I would be very surprised if, ultimately, Delaware's authority under the Coastal Zone Act isn't pre-empted by the federal permits, and federal authority to regulate interstate commerce on navigable waterways.
Coincidentally, that doctrine goes all the way back to a John Marshall decision on the subject of building a dam on Blackbird Creek.
http://press-pubs.uchicago.edu/founders/documents/a1_8_3_commerces20.html
The act of assembly by which the plaintiffs were authorized to construct their dam, shows plainly that this is one of those many creeks, passing through a deep level marsh adjoining the Delaware, up which the tide flows for some distance. The value of the property on its banks must be enhanced by excluding the water from the marsh, and the health of the inhabitants probably improved. Measures calculated to produce these objects, provided they do not come into collision with the powers of the general government, are undoubtedly within those which are reserved to the states.
...
The counsel for the plaintiffs in error insist that it comes in conflict with the power of the United States "to regulate commerce with foreign nations, and among the several states." If Congress had passed any act which bore upon the case, any act in execution of the power to regulate commerce, the object of which was to control state legislation over those small navigable creeks into which the tide flows, and which abound throughout the lower country of the middle and southern states; we should feel not much difficulty in saying that a state law coming in conflict with such act would be void. But Congress has passed no such act. The repugnancy of the law of Delaware to the Constitution is placed entirely on its repugnancy to the power to regulate commerce with foreign nations and among the several states; a power which has not been so exercised as to affect the question.
The difference here is that LNG importation and the facility permits *are* the subject of federal regulation of foreign and interstate commerce. So you have a conflict between the federal government granting permission to a project involving an interstate navigable waterway, and the state government asserting authority to stop it.
Gibbons v. Ogden is right on point. New York had granted a monopoly to the Fulton company to operate steamboats in New York's waters, including the Hudson Bay. A New Jersey company sought to also operate steamboats from New Jersey, crossing New York's waters.

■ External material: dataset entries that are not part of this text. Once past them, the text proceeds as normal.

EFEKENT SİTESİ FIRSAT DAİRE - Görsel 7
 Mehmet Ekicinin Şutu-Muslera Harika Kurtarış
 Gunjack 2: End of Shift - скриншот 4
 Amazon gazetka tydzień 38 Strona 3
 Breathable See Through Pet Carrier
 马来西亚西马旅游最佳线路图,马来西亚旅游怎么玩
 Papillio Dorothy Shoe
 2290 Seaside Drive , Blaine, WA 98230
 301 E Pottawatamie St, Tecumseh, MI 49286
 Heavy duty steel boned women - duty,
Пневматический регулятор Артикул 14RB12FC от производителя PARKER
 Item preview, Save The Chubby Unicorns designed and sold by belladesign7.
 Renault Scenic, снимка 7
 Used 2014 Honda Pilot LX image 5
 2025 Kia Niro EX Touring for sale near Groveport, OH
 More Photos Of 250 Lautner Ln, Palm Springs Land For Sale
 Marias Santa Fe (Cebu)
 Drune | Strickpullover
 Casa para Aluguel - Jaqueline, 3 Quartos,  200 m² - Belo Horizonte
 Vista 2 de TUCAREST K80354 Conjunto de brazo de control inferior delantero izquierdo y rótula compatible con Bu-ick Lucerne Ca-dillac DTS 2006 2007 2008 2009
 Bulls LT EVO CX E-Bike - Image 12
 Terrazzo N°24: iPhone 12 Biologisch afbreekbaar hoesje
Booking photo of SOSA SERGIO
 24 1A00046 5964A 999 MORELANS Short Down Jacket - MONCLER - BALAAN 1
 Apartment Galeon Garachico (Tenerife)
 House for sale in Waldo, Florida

http://www.tourolaw.edu/patch/Gibbons/This court is of opinion that so much of the several laws of the state of New York as prohibits vessels, licensed according to the laws of the United States, from navigating the waters of the state of New York, by means of fire or steam, is repugnant to the said Constitution and void.The amazing thing about the BP project is that the LNG tankers draw about 36 feet, and the river channel depth is maintained at about 40 feet by dredging. The Salem/Hope Creek complex has igniters surrounding it, so that any leak will be lit and blown back at Port Penn, in order to keep the plants safe. But, along with closing the Del. Mem. Br. every time one of these things comes through, one wonders whether using a site further south, and running a pipeline, might be a better idea.